Meet the Psoas Muscles
We may be moving to some new locations, but we will still be releasing, stretching and acknowledging that crazy important muscle called the psoas (pronounced SO-az). For anyone who has taken my classes you know, first hand, that I spend quite a bit of time talking about this muscle.
The psoas major is a deep core muscle that runs from the bottom of thoracic spine, through the pelvic bowl, crosses on top of the hip joint and attaches at the top of the femur bone (thigh bone). You have two. One on each side of your torso. It is the only muscle that connects the spine and the torso to the legs, a bridge between your upper and lower body. It is not a muscle we can easily identify – like our glutes, hamstrings, quadriceps or biceps.
The Functions of the Psoas Muscles
This vitally important muscle influences our posture and stabilizes our spine. Your psoas muscles allow you to bend your hips and legs towards your chest, for example when you are going up stairs. They also help to move your leg forward when you walk or run.
Your psoas muscles are the muscles that flex your trunk forward when bend over to pick up something from the floor. They also stabilize your trunk and spine during movement and sitting. The psoas muscles support your internal organs and work like hydraulic pumps allowing blood and lymph to be pushed in and out of your cells.

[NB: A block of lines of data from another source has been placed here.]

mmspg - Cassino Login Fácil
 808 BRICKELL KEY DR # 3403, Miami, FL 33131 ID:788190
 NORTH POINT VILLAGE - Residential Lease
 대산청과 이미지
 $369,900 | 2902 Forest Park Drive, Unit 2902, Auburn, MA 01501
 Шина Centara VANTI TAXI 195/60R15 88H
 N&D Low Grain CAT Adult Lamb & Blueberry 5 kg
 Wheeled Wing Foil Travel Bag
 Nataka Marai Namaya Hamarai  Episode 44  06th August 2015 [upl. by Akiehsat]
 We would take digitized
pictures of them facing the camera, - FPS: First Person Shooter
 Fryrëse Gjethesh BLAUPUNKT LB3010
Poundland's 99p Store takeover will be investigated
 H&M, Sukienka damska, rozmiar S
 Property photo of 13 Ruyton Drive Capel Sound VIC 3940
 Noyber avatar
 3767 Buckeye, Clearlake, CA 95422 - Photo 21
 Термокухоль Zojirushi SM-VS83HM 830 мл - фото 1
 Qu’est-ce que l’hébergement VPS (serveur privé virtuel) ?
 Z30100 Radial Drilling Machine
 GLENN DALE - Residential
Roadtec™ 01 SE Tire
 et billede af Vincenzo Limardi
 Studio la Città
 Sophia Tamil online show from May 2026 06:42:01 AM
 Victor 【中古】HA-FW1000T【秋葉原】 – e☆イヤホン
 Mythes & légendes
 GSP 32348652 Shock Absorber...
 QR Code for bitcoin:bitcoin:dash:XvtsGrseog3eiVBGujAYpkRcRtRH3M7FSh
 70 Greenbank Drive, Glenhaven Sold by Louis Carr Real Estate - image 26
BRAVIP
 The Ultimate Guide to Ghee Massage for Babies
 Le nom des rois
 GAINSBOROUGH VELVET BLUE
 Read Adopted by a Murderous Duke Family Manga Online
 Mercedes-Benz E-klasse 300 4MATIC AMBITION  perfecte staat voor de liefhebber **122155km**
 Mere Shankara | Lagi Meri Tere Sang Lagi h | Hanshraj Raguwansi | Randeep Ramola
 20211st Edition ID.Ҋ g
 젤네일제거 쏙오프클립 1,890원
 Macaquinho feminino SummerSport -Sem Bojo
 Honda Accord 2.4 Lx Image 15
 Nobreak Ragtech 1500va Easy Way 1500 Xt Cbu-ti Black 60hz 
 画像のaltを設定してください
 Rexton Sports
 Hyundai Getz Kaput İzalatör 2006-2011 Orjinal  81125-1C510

And when the psoas contracts…
When the lower psoas is tight we can feel an imbalance and a tightness in the front of the hip and when the upper psoas is tight we can feel tension in our solar plexis, a compression of the diaphram that limits breath or constricted movement in the belly. A tight psoas can also be a signal that there is a imbalance in the spine, the SI joint or the hip.
The psoas muscles contracts when we are stress, when we sit for long periods of time, if we do lots of running or lots of sit ups and if we sleep in a fetal position.
So considering it’s influence in our bodies and the amount of time that most have the psoas muscles in a contracted position, working in our yoga classes to lengthen, stretch and strengthen the psoas is vitally important. We also want to keep an eye out for a psoas muscle that may be over-stretched. The emphasis is on learning to feel and access this deep muscle and balance contraction and lengthening.
Working with the Psoas in Yoga
Here are some of the postures we use to work with the psoas in a variety of ways: (See Blog image)
- Constructive Rest Pose to release and relax the psoas
- Wind Removing Pose to release and lengthen the psoas
- Low Lunge to lengthen and stretch the psoas
- Warrior I to strengthen the psoas of the front leg and help to stretch and lengthen the psoas in the back leg.
- Boat Pose to strengthen the psoas
I look forward to seeing on the mat soon and supporting you and your psoas muscles to relax, release and breathe.